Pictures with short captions

= Beginning of Section =

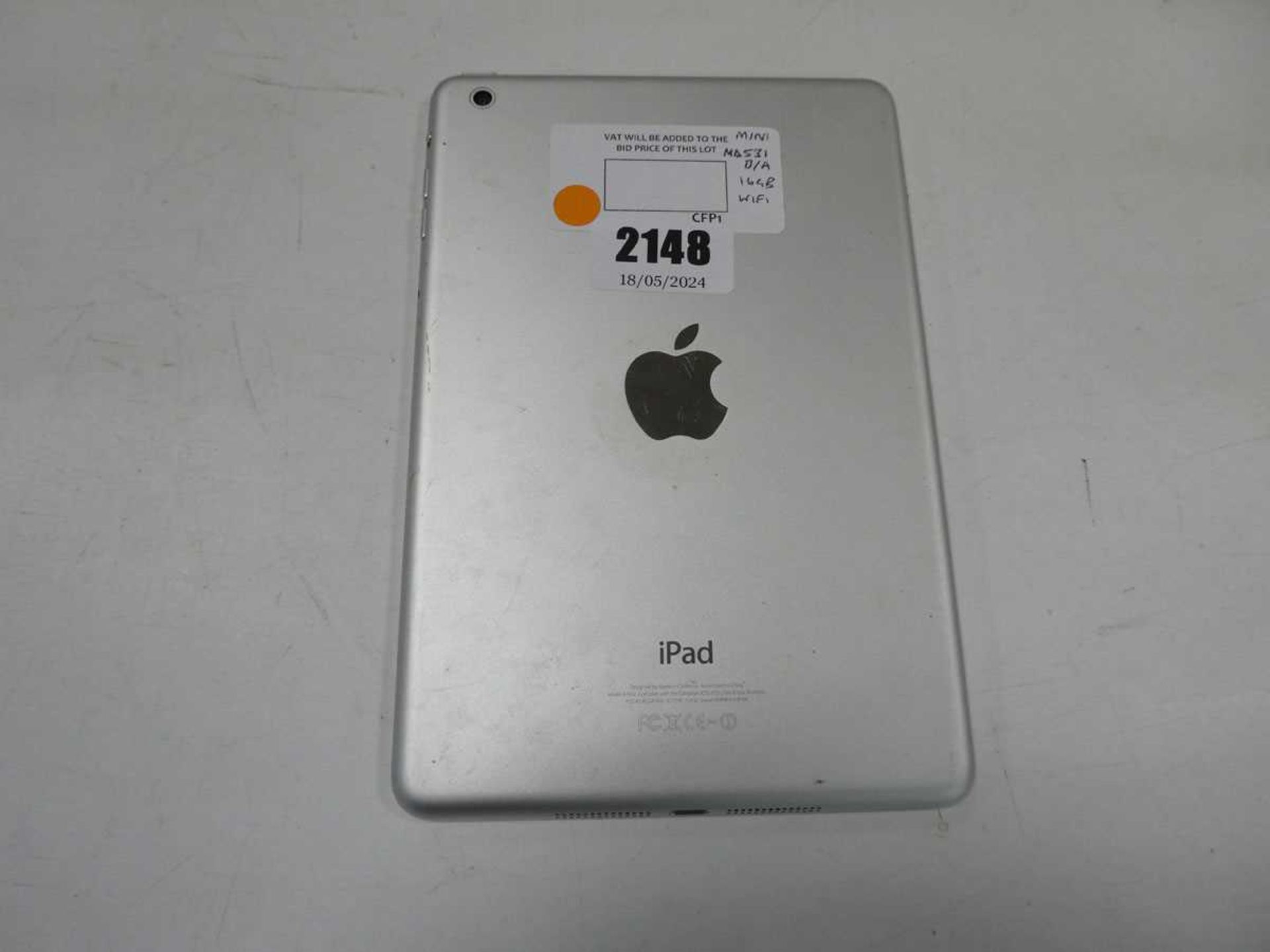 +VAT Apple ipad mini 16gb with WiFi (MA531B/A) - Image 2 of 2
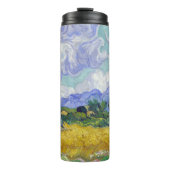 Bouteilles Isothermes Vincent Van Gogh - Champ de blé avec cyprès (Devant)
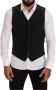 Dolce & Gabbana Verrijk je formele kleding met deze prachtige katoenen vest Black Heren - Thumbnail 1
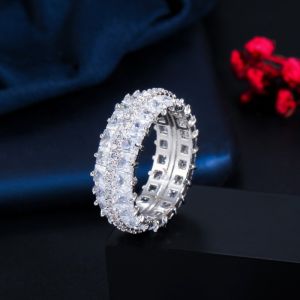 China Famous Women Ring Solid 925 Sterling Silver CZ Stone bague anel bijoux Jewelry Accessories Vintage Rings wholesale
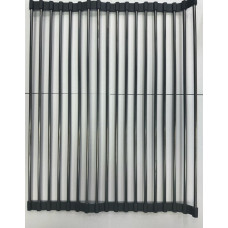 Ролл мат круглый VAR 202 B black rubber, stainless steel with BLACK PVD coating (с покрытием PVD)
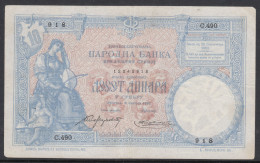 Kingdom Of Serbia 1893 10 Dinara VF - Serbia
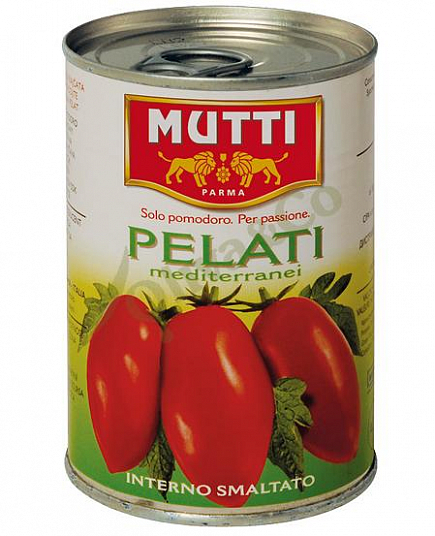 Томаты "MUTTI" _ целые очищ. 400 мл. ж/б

= End of Section =

* INSTRUCTIONS FOR THE TASK
Once you reach the line containing "Kingdom Of Serbia 1893 10 Dinara VF - Serbia", print it and every line after it exactly, through the end of the entries, without any pictures.

* COMPLETED TASK
 Kingdom Of Serbia 1893 10 Dinara VF - Serbia
 Томаты "MUTTI" _ целые очищ. 400 мл. ж/б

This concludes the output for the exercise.